▸ **Task to complete**
Once the line containing "1930 New River" is found in the entries below, restate it and each following line word for word, stopping after the line containing "14069 Grandeur Way".

▸ **Information given**
---

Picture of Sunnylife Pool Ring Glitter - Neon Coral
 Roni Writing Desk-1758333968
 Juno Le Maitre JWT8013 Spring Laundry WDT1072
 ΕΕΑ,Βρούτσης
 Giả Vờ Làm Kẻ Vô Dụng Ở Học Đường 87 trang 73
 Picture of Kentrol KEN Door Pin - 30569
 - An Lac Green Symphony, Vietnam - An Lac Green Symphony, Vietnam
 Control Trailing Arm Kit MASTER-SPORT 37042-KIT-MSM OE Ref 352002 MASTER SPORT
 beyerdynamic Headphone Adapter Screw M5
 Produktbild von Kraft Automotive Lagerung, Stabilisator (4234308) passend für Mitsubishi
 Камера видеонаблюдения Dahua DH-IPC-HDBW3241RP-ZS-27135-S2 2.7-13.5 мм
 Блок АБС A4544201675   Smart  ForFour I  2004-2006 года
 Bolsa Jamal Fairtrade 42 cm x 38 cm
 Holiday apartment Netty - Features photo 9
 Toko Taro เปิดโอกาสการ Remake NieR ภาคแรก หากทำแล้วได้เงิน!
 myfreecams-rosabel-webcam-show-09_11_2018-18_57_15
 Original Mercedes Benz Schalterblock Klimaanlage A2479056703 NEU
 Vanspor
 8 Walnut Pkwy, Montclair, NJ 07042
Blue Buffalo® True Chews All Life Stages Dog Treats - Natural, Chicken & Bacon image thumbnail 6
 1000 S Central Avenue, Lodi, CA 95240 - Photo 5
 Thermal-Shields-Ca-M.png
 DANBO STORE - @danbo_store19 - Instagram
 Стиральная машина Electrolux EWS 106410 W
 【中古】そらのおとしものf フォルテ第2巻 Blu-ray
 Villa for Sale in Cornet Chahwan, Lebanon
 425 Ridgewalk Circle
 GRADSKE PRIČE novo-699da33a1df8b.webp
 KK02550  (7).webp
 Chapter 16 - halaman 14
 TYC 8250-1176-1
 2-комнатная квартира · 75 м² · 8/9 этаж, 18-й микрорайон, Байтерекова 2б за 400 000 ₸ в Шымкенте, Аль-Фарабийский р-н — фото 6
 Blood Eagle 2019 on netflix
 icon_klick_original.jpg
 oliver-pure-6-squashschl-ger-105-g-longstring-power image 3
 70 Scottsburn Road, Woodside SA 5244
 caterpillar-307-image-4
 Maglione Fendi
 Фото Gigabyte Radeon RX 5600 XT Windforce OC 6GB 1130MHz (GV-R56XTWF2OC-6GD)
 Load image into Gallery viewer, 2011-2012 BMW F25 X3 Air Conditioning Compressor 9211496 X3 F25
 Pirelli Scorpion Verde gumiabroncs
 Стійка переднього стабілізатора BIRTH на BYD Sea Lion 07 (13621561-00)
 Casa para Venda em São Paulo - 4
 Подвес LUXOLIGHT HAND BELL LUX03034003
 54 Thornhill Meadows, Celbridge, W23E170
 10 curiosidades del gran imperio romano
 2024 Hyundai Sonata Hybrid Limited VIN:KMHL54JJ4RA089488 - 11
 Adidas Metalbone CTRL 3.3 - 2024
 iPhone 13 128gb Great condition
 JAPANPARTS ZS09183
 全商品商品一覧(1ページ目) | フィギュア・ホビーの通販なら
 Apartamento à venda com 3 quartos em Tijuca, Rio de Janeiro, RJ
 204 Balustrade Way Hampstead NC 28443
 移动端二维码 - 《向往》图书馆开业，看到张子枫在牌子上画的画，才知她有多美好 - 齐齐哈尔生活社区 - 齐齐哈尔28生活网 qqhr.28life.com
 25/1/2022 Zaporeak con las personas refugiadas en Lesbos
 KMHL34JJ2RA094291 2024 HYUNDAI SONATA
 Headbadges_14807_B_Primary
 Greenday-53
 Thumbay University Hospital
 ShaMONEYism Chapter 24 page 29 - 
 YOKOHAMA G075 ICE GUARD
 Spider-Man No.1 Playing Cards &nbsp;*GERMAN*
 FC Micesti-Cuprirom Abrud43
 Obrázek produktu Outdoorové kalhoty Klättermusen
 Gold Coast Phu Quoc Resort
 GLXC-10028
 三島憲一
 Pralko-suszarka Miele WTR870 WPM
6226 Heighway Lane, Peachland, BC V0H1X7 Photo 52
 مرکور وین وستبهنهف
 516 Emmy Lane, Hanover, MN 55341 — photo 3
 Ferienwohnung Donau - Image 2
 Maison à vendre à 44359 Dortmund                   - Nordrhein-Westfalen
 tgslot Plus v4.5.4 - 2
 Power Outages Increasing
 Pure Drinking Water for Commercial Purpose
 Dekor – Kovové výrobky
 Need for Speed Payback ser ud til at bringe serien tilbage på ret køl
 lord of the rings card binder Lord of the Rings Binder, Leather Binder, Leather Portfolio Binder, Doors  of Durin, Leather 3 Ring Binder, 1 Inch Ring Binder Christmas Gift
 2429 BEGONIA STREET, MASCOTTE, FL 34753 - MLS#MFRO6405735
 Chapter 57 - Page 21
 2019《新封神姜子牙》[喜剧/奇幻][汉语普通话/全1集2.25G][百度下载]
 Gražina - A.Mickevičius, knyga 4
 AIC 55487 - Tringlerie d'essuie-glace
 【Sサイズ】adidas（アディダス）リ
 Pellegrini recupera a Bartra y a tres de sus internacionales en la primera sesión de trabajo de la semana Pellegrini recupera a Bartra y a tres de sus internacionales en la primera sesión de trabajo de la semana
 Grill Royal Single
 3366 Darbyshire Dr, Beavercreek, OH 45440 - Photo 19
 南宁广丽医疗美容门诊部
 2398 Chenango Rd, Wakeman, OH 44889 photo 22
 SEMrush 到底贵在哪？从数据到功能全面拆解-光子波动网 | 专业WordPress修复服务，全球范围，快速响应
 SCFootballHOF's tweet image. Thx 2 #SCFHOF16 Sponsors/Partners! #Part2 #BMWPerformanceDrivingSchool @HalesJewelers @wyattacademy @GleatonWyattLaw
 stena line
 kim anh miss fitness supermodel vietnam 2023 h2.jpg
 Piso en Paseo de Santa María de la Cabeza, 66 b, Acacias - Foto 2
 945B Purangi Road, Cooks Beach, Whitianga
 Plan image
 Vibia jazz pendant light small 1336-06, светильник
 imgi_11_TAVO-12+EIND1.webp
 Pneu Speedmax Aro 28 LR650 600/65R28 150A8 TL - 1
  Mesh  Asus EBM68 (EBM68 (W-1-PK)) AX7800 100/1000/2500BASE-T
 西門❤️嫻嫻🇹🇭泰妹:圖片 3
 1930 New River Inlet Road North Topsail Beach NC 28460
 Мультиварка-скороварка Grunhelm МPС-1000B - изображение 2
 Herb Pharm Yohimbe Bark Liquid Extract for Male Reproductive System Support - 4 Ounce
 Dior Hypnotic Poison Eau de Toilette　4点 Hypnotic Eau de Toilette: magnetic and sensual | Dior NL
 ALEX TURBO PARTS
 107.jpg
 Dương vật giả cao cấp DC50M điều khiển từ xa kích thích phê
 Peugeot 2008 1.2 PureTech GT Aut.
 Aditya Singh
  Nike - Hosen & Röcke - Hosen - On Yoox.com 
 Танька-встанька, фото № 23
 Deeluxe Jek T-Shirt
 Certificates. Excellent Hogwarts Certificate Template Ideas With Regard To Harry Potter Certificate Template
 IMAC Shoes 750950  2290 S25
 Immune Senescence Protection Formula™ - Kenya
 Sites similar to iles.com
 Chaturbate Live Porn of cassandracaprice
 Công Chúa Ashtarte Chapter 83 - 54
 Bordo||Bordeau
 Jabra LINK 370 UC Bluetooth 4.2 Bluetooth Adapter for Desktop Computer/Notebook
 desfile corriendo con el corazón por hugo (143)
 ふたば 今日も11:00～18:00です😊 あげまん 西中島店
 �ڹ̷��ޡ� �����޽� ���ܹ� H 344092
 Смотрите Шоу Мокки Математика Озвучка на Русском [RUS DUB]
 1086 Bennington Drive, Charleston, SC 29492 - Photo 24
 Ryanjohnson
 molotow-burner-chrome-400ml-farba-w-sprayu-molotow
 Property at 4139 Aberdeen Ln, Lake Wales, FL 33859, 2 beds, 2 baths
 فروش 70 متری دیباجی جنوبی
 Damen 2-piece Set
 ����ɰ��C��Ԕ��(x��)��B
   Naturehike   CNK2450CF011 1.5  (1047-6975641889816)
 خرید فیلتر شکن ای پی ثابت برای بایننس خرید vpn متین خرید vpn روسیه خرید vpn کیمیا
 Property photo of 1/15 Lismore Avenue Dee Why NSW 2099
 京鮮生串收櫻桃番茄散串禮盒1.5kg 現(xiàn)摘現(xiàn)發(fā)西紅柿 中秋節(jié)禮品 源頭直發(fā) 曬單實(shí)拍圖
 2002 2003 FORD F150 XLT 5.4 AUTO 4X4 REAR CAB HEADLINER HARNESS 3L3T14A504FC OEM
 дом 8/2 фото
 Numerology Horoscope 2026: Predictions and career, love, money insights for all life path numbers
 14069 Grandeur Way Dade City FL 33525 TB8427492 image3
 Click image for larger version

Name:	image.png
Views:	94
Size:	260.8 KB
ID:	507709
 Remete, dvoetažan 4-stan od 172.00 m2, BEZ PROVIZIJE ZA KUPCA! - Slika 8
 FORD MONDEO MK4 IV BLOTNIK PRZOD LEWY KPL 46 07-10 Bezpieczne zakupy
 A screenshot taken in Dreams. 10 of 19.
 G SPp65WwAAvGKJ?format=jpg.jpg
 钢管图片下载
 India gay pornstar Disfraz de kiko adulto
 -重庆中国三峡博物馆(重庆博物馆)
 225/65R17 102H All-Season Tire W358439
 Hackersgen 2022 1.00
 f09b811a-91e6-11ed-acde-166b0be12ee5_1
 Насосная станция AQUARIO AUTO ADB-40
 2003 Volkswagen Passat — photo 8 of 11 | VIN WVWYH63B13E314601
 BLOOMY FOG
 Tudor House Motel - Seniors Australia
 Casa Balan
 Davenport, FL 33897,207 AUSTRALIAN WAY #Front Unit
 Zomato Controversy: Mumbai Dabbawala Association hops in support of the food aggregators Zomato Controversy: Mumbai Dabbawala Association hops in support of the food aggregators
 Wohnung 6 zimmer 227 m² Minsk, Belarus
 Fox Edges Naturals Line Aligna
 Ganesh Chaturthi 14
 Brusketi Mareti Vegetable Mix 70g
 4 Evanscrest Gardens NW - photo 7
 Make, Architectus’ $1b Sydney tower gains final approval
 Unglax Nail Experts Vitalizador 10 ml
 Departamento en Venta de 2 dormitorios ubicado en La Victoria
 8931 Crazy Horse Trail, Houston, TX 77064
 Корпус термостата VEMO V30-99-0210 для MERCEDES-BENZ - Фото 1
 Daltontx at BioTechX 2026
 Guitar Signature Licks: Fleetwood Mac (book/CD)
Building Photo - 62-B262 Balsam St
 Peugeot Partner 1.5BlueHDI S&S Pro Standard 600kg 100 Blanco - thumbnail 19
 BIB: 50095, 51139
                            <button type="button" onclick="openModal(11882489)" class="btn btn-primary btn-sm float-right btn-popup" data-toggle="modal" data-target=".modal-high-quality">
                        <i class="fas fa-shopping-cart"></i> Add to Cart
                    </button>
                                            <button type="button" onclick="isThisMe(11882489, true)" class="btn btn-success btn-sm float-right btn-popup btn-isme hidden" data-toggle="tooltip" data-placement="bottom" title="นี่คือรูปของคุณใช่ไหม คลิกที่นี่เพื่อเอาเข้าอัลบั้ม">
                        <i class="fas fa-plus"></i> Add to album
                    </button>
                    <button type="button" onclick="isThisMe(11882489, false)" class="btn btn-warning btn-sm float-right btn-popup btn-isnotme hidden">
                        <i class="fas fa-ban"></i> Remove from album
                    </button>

---

▸ **Answer to this task**
 1930 New River Inlet Road North Topsail Beach NC 28460
 Мультиварка-скороварка Grunhelm МPС-1000B - изображение 2
 Herb Pharm Yohimbe Bark Liquid Extract for Male Reproductive System Support - 4 Ounce
 Dior Hypnotic Poison Eau de Toilette　4点 Hypnotic Eau de Toilette: magnetic and sensual | Dior NL
 ALEX TURBO PARTS
 107.jpg
 Dương vật giả cao cấp DC50M điều khiển từ xa kích thích phê
 Peugeot 2008 1.2 PureTech GT Aut.
 Aditya Singh
  Nike - Hosen & Röcke - Hosen - On Yoox.com 
 Танька-встанька, фото № 23
 Deeluxe Jek T-Shirt
 Certificates. Excellent Hogwarts Certificate Template Ideas With Regard To Harry Potter Certificate Template
 IMAC Shoes 750950  2290 S25
 Immune Senescence Protection Formula™ - Kenya
 Sites similar to iles.com
 Chaturbate Live Porn of cassandracaprice
 Công Chúa Ashtarte Chapter 83 - 54
 Bordo||Bordeau
 Jabra LINK 370 UC Bluetooth 4.2 Bluetooth Adapter for Desktop Computer/Notebook
 desfile corriendo con el corazón por hugo (143)
 ふたば 今日も11:00～18:00です😊 あげまん 西中島店
 �ڹ̷��ޡ� �����޽� ���ܹ� H 344092
 Смотрите Шоу Мокки Математика Озвучка на Русском [RUS DUB]
 1086 Bennington Drive, Charleston, SC 29492 - Photo 24
 Ryanjohnson
 molotow-burner-chrome-400ml-farba-w-sprayu-molotow
 Property at 4139 Aberdeen Ln, Lake Wales, FL 33859, 2 beds, 2 baths
 فروش 70 متری دیباجی جنوبی
 Damen 2-piece Set
 ����ɰ��C��Ԕ��(x��)��B
   Naturehike   CNK2450CF011 1.5  (1047-6975641889816)
 خرید فیلتر شکن ای پی ثابت برای بایننس خرید vpn متین خرید vpn روسیه خرید vpn کیمیا
 Property photo of 1/15 Lismore Avenue Dee Why NSW 2099
 京鮮生串收櫻桃番茄散串禮盒1.5kg 現(xiàn)摘現(xiàn)發(fā)西紅柿 中秋節(jié)禮品 源頭直發(fā) 曬單實(shí)拍圖
 2002 2003 FORD F150 XLT 5.4 AUTO 4X4 REAR CAB HEADLINER HARNESS 3L3T14A504FC OEM
 дом 8/2 фото
 Numerology Horoscope 2026: Predictions and career, love, money insights for all life path numbers
 14069 Grandeur Way Dade City FL 33525 TB8427492 image3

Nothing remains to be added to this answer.